Goal of the exercise
Your answer must be the exact lines below, starting with the line with "Ppt Comparative Economic" and going on through the line with "FIT, SUIT, MATCH", both included, with no pictures.
(Beginning of Input data)
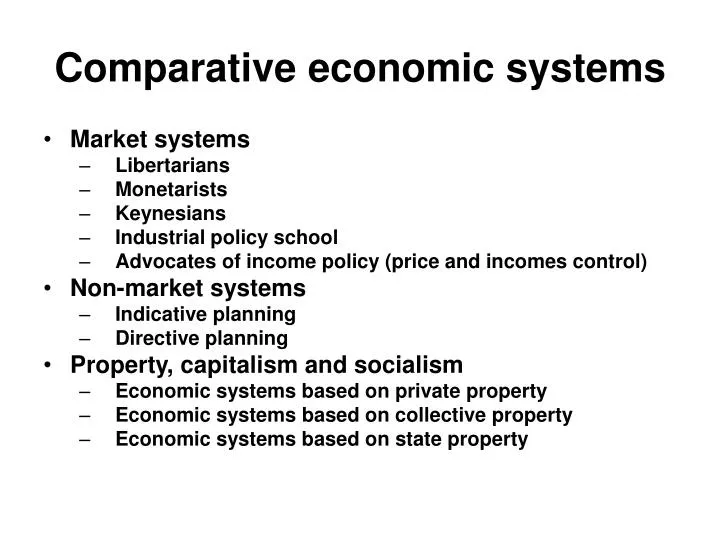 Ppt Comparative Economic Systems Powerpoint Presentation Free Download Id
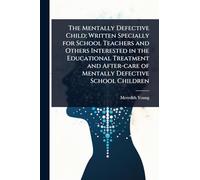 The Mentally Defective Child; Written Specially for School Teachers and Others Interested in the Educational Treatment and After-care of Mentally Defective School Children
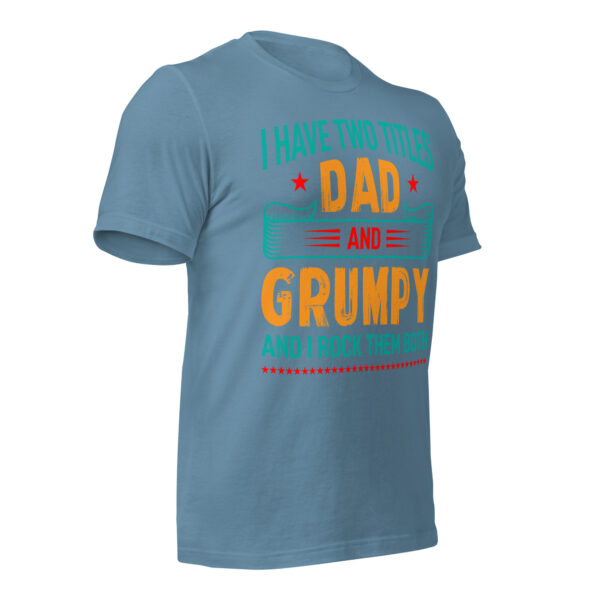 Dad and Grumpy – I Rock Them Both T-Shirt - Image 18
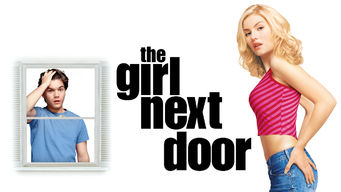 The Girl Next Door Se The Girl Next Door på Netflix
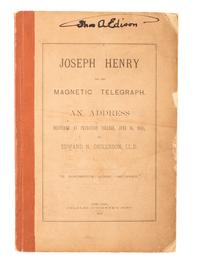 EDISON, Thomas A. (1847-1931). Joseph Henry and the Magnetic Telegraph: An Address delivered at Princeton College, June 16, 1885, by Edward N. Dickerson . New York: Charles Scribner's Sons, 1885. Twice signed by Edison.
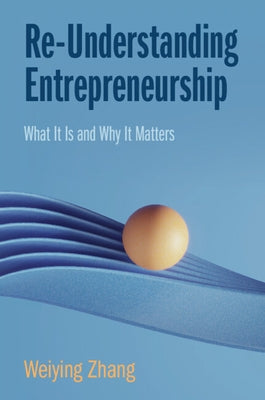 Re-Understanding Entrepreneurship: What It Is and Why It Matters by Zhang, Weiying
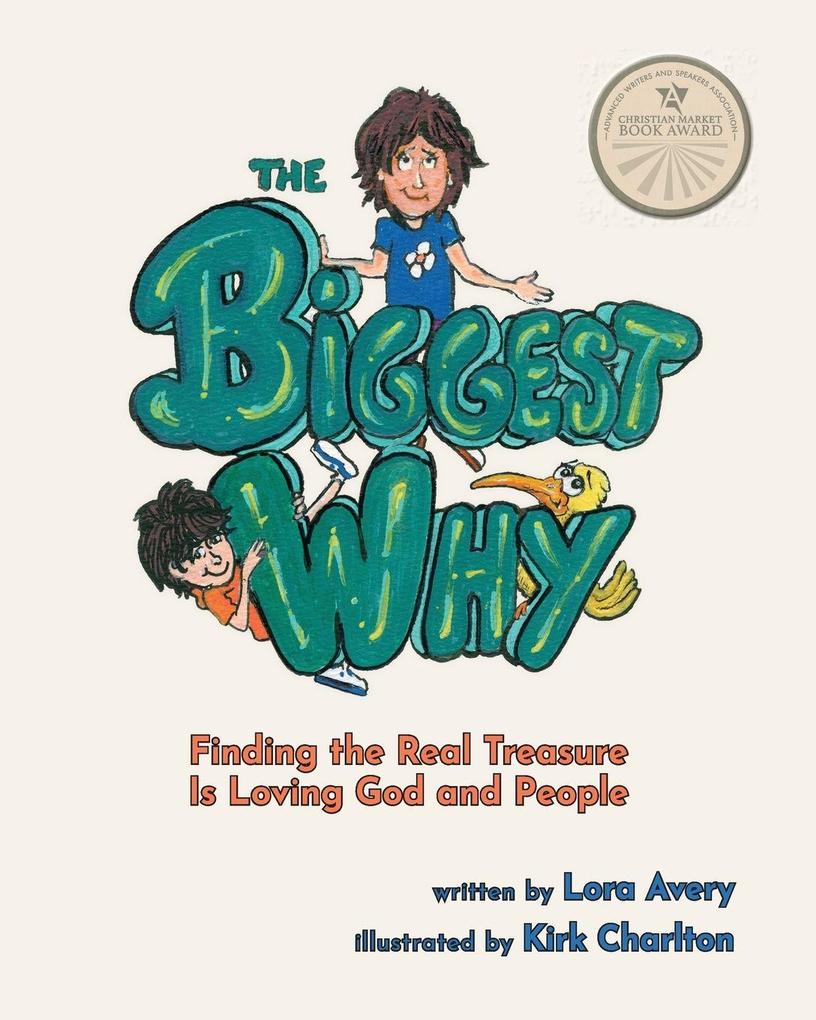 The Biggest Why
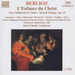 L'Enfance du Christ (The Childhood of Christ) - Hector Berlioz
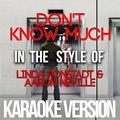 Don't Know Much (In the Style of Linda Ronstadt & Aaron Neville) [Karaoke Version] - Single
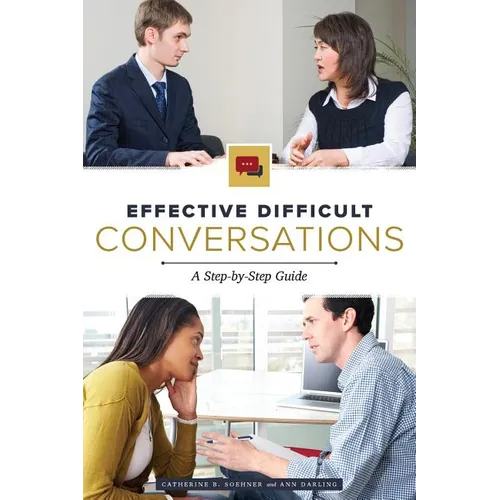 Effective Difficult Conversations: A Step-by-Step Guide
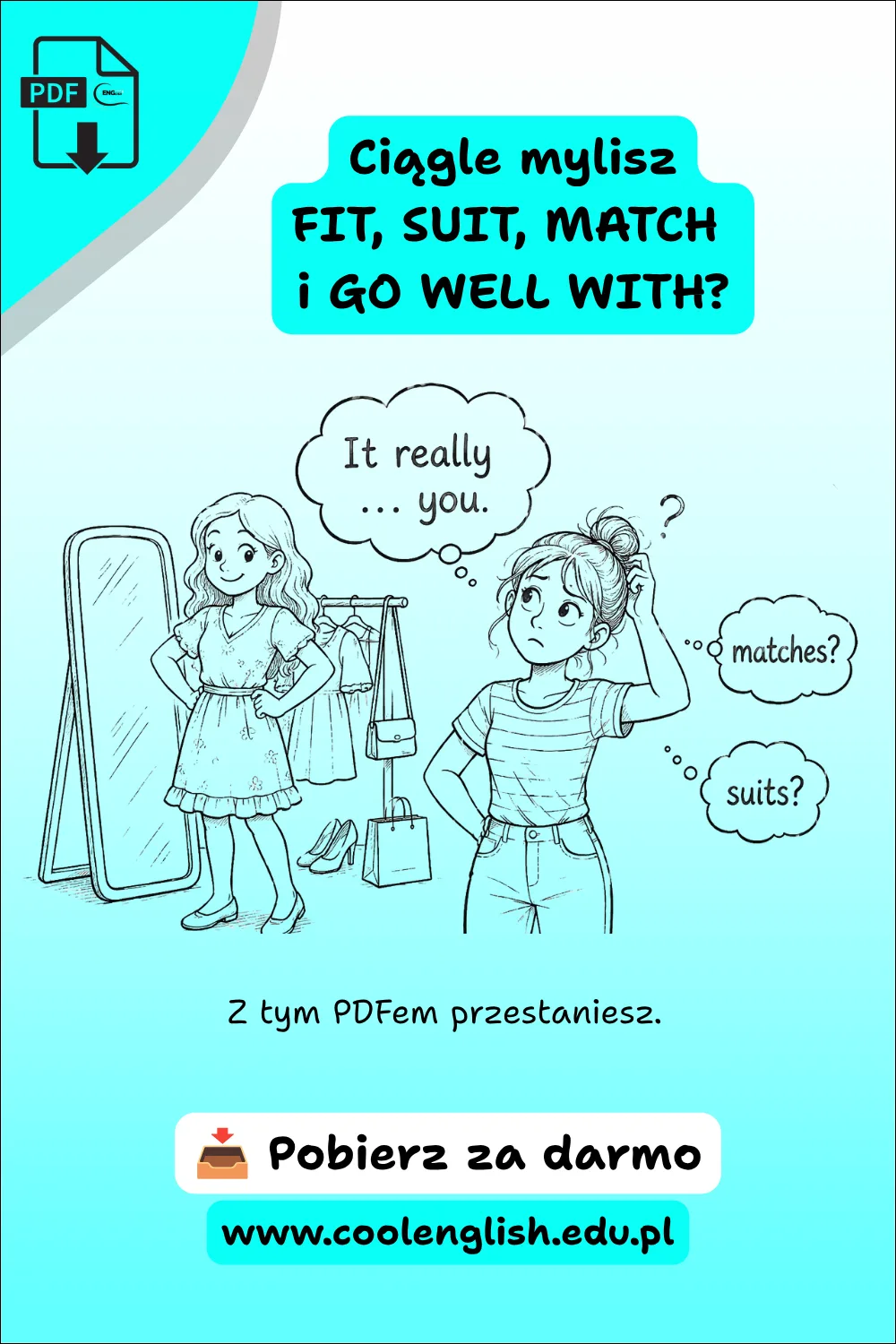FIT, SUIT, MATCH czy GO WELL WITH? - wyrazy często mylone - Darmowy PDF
(End of Input data)
(Beginning of Input data)
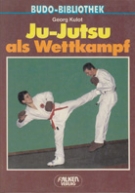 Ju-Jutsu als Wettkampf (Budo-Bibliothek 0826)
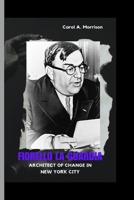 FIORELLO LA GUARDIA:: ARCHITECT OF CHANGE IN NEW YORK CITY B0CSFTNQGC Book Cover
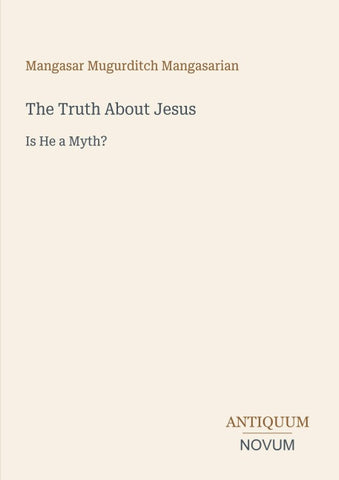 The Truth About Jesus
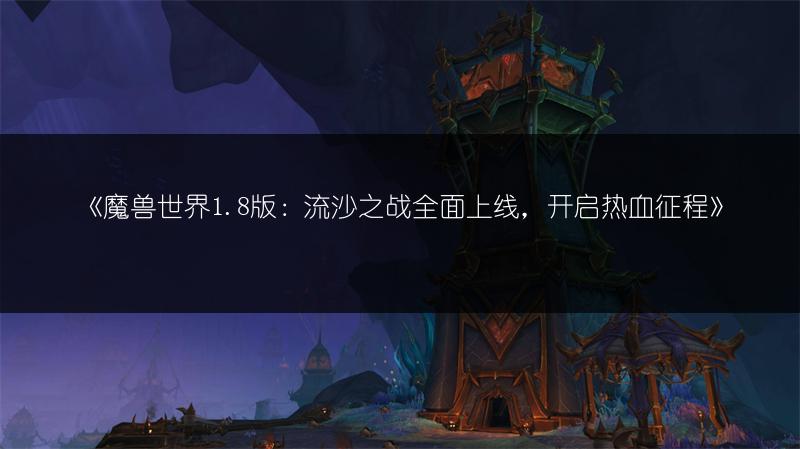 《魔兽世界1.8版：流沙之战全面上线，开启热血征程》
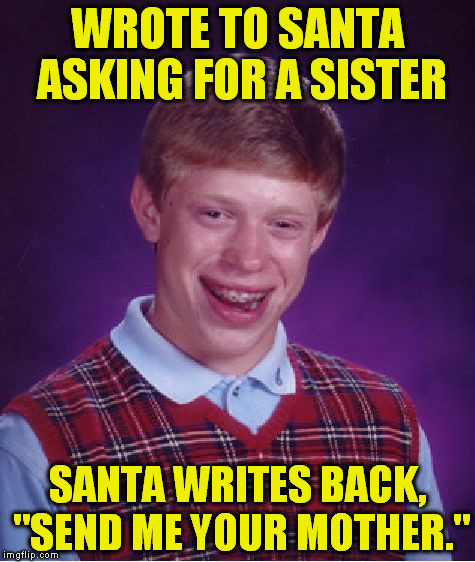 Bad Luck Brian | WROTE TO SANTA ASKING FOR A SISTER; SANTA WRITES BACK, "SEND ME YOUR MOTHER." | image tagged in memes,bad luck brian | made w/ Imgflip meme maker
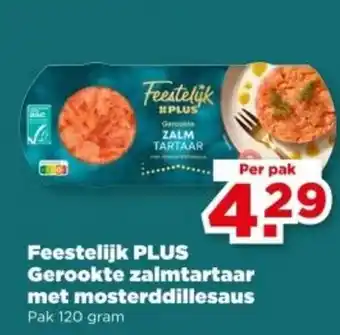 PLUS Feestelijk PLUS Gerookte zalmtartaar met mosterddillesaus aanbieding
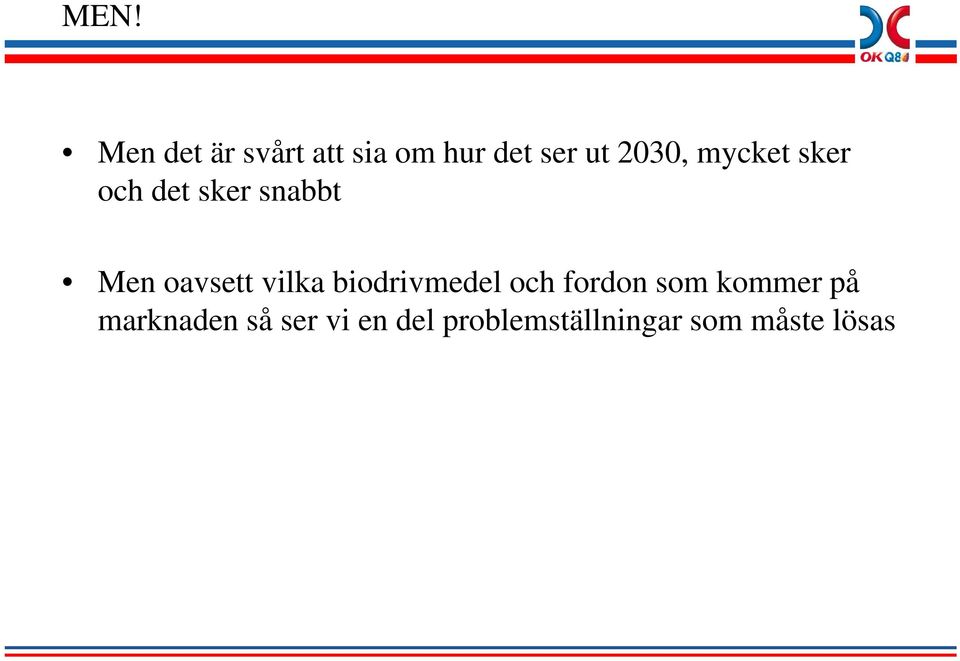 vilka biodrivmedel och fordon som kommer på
(End of Input data)
(Beginning of Input data)
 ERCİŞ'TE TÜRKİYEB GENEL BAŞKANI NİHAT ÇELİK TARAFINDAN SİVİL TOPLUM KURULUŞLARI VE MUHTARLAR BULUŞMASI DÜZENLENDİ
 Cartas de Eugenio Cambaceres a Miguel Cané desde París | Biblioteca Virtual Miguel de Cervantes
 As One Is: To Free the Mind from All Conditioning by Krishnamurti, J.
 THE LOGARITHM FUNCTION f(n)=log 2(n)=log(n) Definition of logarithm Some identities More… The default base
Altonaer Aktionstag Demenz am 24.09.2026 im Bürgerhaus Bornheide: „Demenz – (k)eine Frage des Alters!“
(End of Input data)
Your solution
 Ppt Comparative Economic Systems Powerpoint Presentation Free Download Id
 The Mentally Defective Child; Written Specially for School Teachers and Others Interested in the Educational Treatment and After-care of Mentally Defective School Children
 Dad and Grumpy – I Rock Them Both T-Shirt - Image 18
 The Girl Next Door Se The Girl Next Door på Netflix
 EDISON, Thomas A. (1847-1931). Joseph Henry and the Magnetic Telegraph: An Address delivered at Princeton College, June 16, 1885, by Edward N. Dickerson . New York: Charles Scribner's Sons, 1885. Twice signed by Edison.
 Re-Understanding Entrepreneurship: What It Is and Why It Matters by Zhang, Weiying
 The Biggest Why
 L'Enfance du Christ (The Childhood of Christ) - Hector Berlioz
 Don't Know Much (In the Style of Linda Ronstadt & Aaron Neville) [Karaoke Version] - Single
 Effective Difficult Conversations: A Step-by-Step Guide
FIT, SUIT, MATCH czy GO WELL WITH? - wyrazy często mylone - Darmowy PDF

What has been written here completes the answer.